• Task instructions
Exactly reproduce the lines of the listing below from the one containing "Belle Epoque - Miss Broadway / Bamalama" through the one containing "My Tummy Hurts". Skip the images.

• Exercise data
○ ○ ○ ○ ○

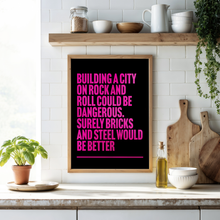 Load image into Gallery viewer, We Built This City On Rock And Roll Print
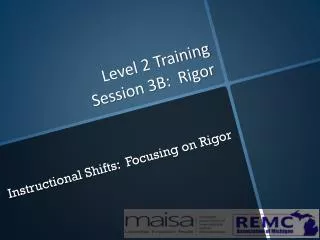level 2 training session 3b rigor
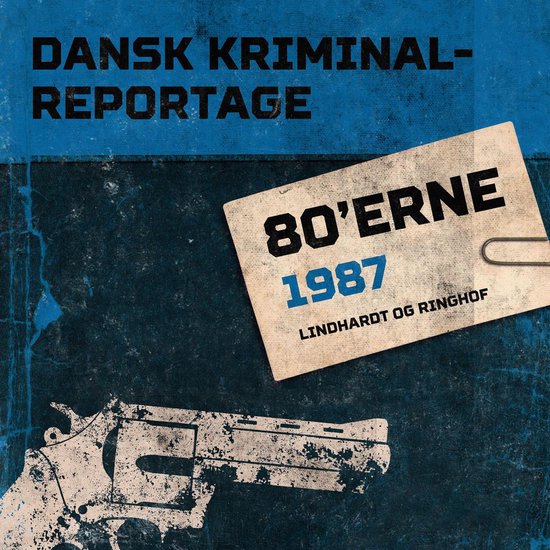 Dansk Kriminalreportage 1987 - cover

○ ○ ○ ○ ○

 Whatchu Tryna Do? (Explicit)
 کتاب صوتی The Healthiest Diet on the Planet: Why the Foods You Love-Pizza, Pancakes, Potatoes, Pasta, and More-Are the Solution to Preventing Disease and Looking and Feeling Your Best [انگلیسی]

○ ○ ○ ○ ○

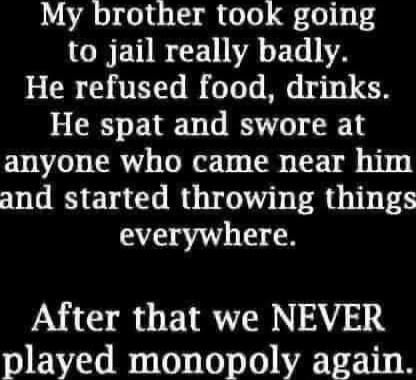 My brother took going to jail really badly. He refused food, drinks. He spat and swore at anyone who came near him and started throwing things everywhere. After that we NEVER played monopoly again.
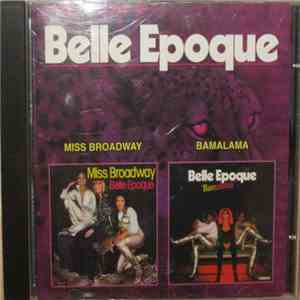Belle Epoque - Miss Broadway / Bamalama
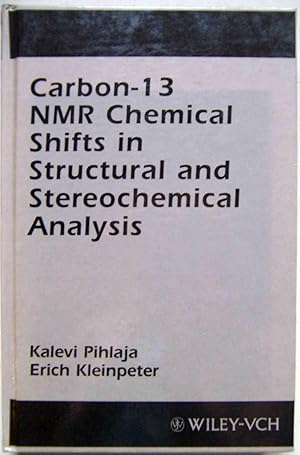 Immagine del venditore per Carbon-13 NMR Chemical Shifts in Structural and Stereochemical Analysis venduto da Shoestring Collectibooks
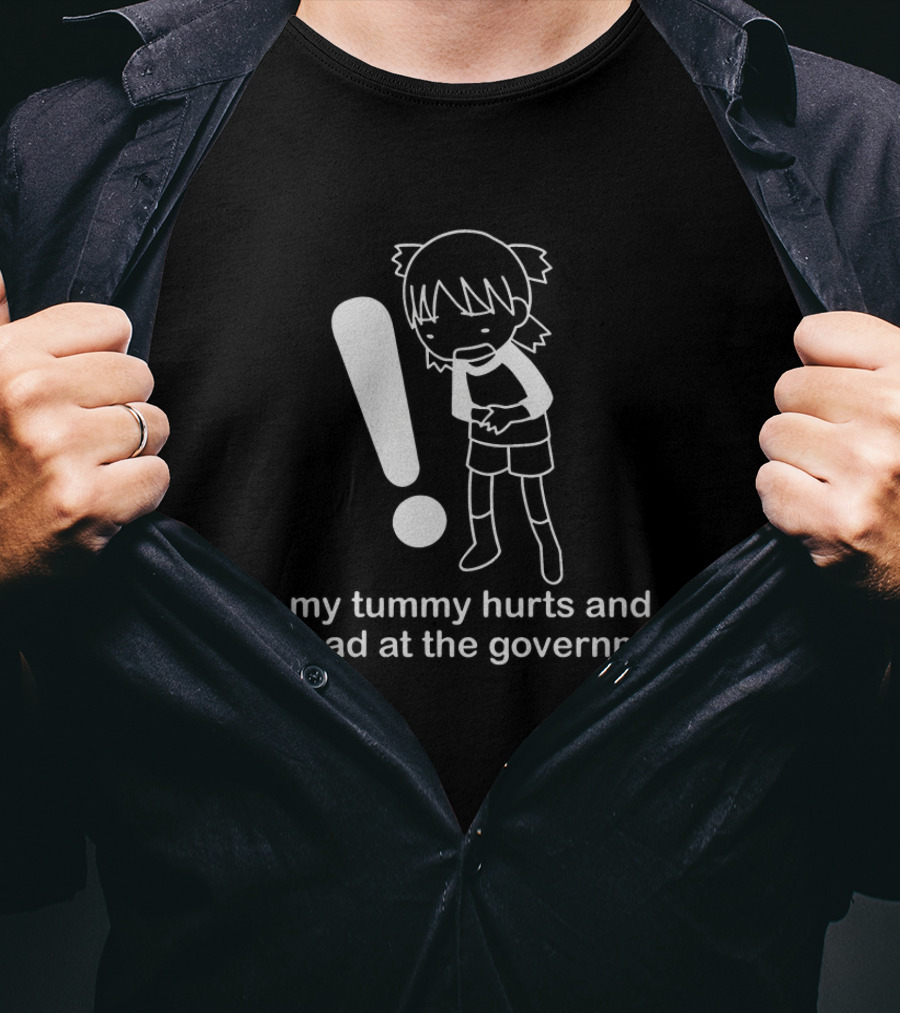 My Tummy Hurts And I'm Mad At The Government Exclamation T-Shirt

○ ○ ○ ○ ○

• Solution to this exercise
Belle Epoque - Miss Broadway / Bamalama
 Immagine del venditore per Carbon-13 NMR Chemical Shifts in Structural and Stereochemical Analysis venduto da Shoestring Collectibooks
 My Tummy Hurts And I'm Mad At The Government Exclamation T-Shirt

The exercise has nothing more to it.